Summer in Australia just wouldn’t be summer without food that is light, tangy and beautifully fresh. My Passionfruit Soufflé ticks all those boxes. Using the sweetest organic passionfruit available, these little soufflés are the perfect summer treat. Couple simply with berries and cold vanilla ice cream and enjoy every spoonful of soufflé sunshine.
3 eggs, separated
½ tsp lemon juice
½ cup caster sugar
½ tbsp corn flour
¾ cup passionfruit pulp
½ butter – organic if possible – for greasing
Preheat oven to 180C
Lightly grease 4-6 small ramekins and dust the insides with cast sugar, then shake out any excess sugar – you can put the ramekins into the fridge at this stage until you are ready to put the soufflés together.
Spoon a tablespoon of the passionfruit pulp into each ramekin dish.
In a bowl whisk together the 3 egg yolks with half the sugar and cornflour and beat until pale and thick. Stir through the remaining passionfruit.
In a clean bowl, using an electric whisk, beat the egg whites and lemon juice with a pinch of salt until you have soft peaks.
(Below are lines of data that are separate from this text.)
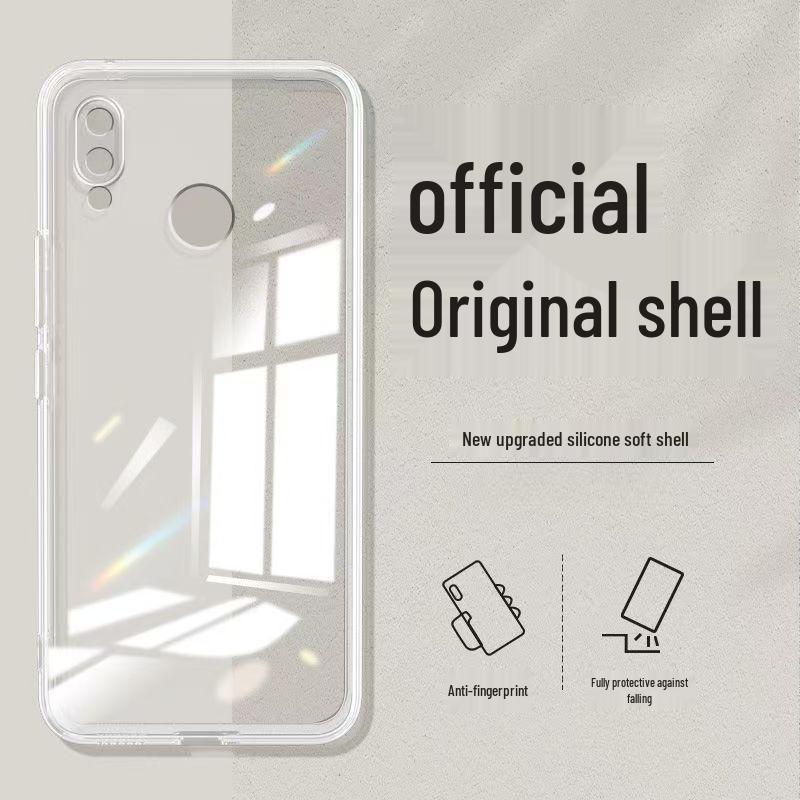 Huawei Nova 3i Liquid Silicone Drop-Proof Case - Simple, Skin-Friendly, Solid Color Cover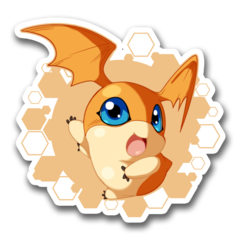 /sticker_Digimon: Patamon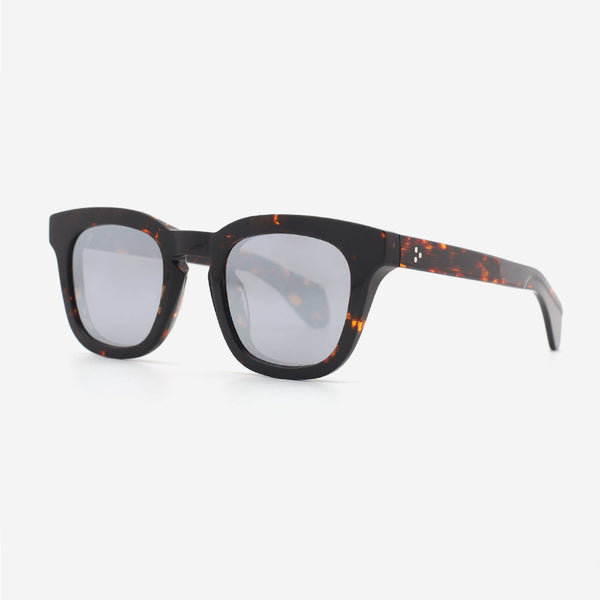 Square Bevel Acetate Men's Sunglasses 24A8015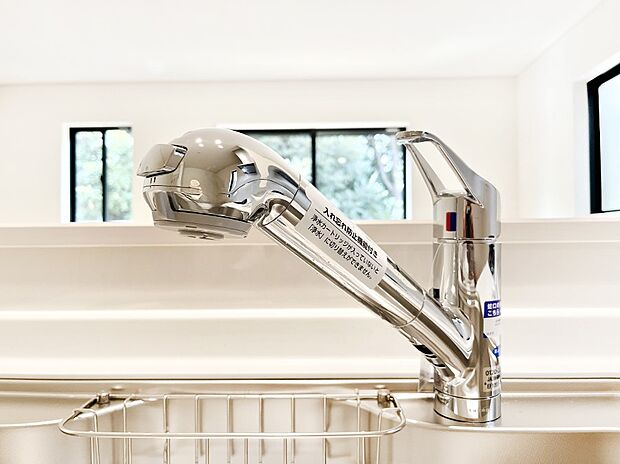 ◆2号棟◆いつでも清潔なおいしいお水を。一つの水栓で水道水と浄水を使い分け。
Add the remaining sugar and whisk on high spend until the whites are very stiff – this should take 3 or so minutes.
Working gently, fold 2 spoonfuls of the egg whites into the yolk and passionfruit mixture. Tip this into the bowl containing the remaining egg whites and fold together very carefully. Blob mixture into the prepared ramekins and level the tops – a little trick to ensure maximum rise is to wipe the rims of the dishes clean.
Pop the ramekins into the oven and bake for approx. 15-18 minutes, or until the soufflés are a lovely golden colour on top and have risen nicely. Serve immediately, dusted with icing sugar and berries.